Task-Based Adaptive Beamforming for Efficient Ultrasound Quantification

  ·   1 min read

Venue: IEEE International Conference on Acoustics, Speech and Signal Processing (ICASSP)

Authors: Oisín Nolan, Wessel L. van Nierop, Louis D. van Harten, Tristan S. W. Stevens, Ruud J. G. van Sloun


Wireless and wearable ultrasound devices promise to enable continuous ultrasound monitoring, but power consumption and data throughput remain critical challenges. Reducing the number of transmit events per second directly impacts both. We propose a task-based adaptive transmit beamforming method, formulated as a Bayesian active perception problem, that adaptively chooses where to scan in order to gain information about downstream quantitative measurements, avoiding redundant transmit events. Our proposed Task-Based Information Gain (TBIG) strategy applies to any differentiable downstream task function. When applied to recovering ventricular dimensions from echocardiograms, TBIG recovers accurate results using fewer than 2% of scan lines typically used, showing potential for large reductions in the power usage and data rates necessary for monitoring.

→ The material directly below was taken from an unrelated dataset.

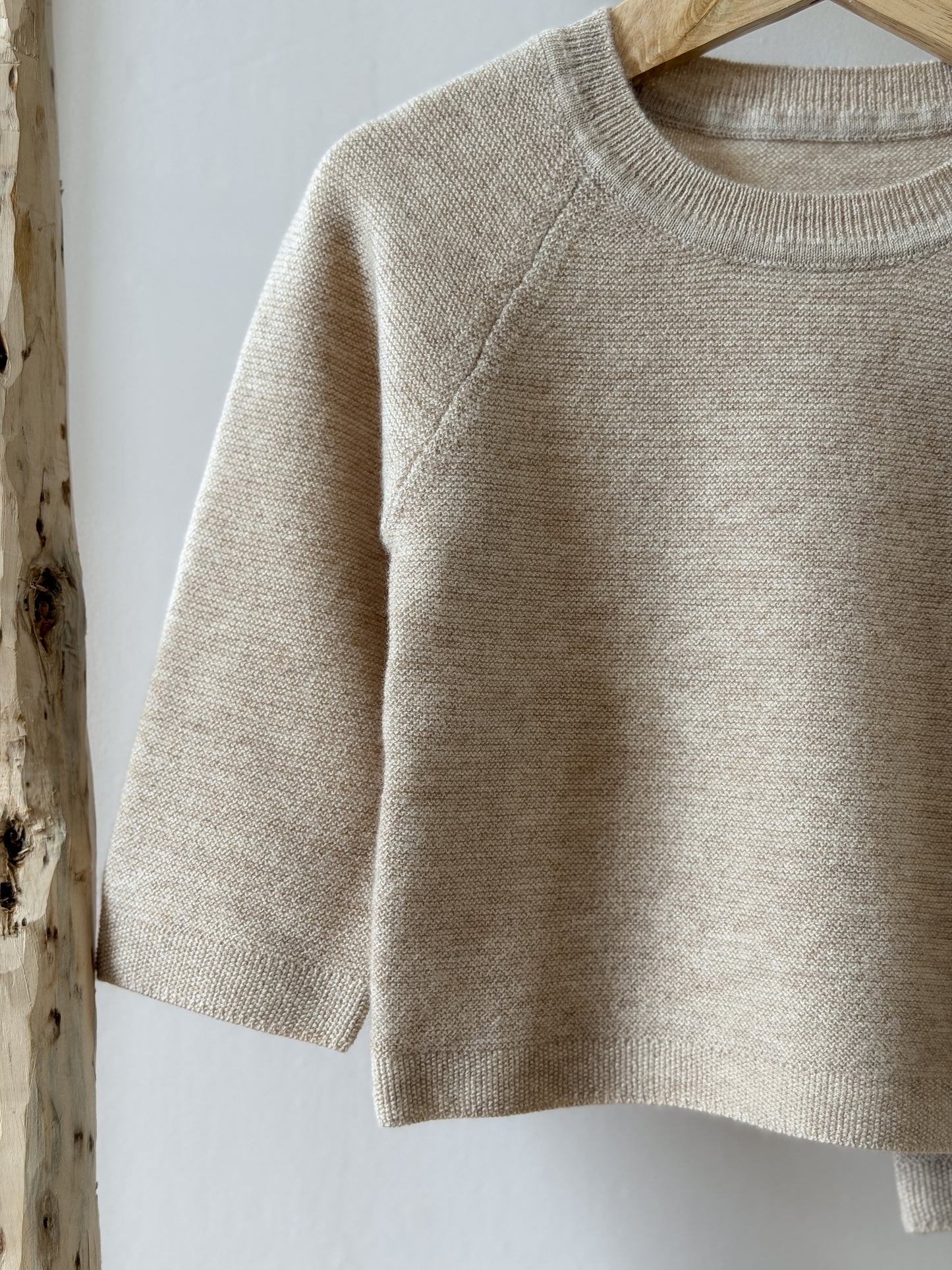 Neu: Baby Pullover aus Merinowolle - Golden Sand [Vorbestellen: ab 17.07.26]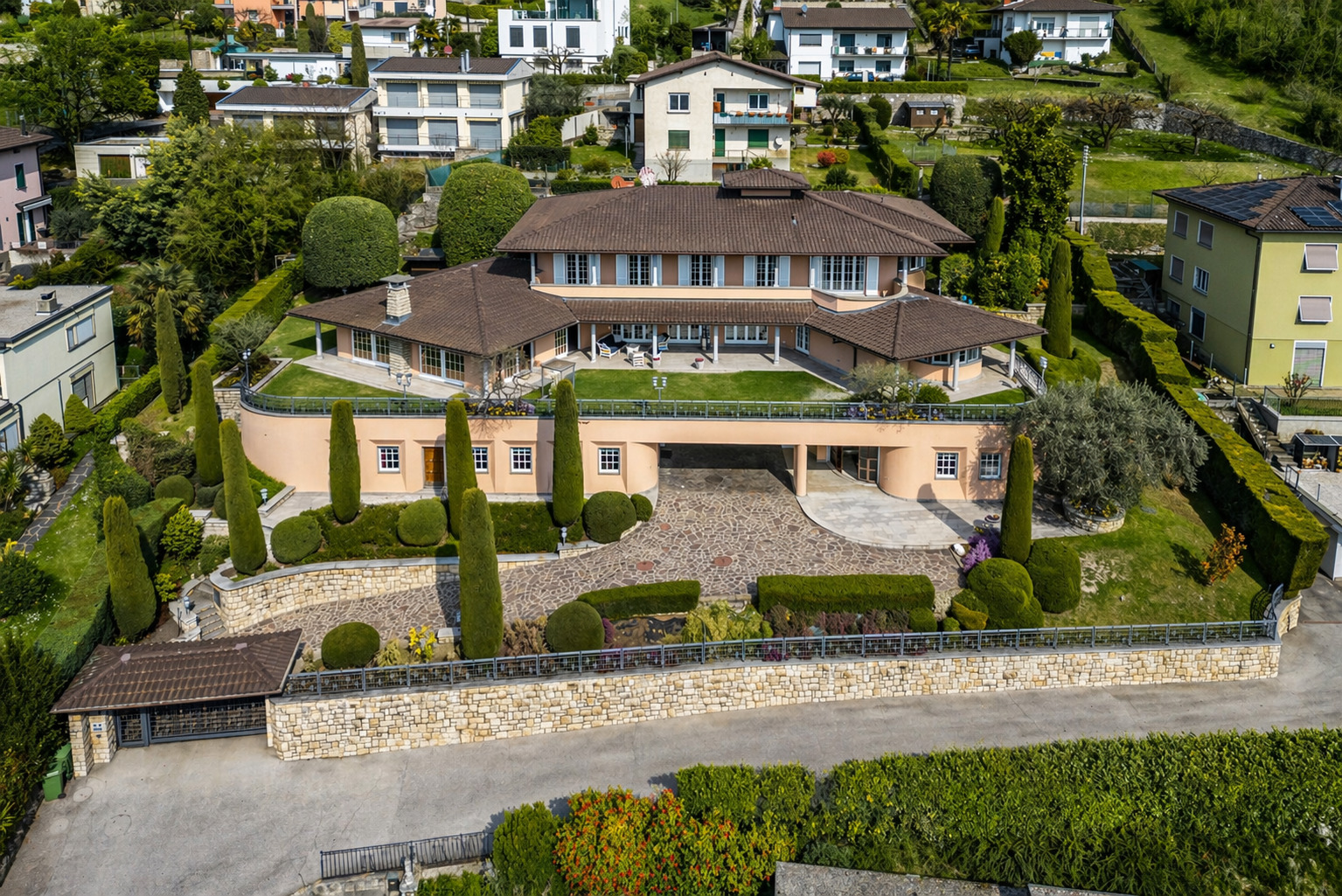 Luftaufnahme einer großzügigen Villa mit Gartenanlage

task-based perception diagram Diagram illustrating single iteration of the task-based perception-action loop using EchoNetLVH segmentation for the downstream task. ① Generate a set of posterior samples from the sparse acquisition using DPS. ② Pass each posterior sample $\mathbf{x}_t^{(i)}$ through the downstream task model $f$ to produce samples from the downstream task distribution. ③ Compute the Jacobian matrix using each of the posterior samples as inputs. ④ Average those Jacobian matrices and multiply them with the pixel-wise variance of the input images to produce the downstream task saliency map. ⑤ Apply $K$-Greedy Minimization to select $K$ scan line locations for the next acquisition.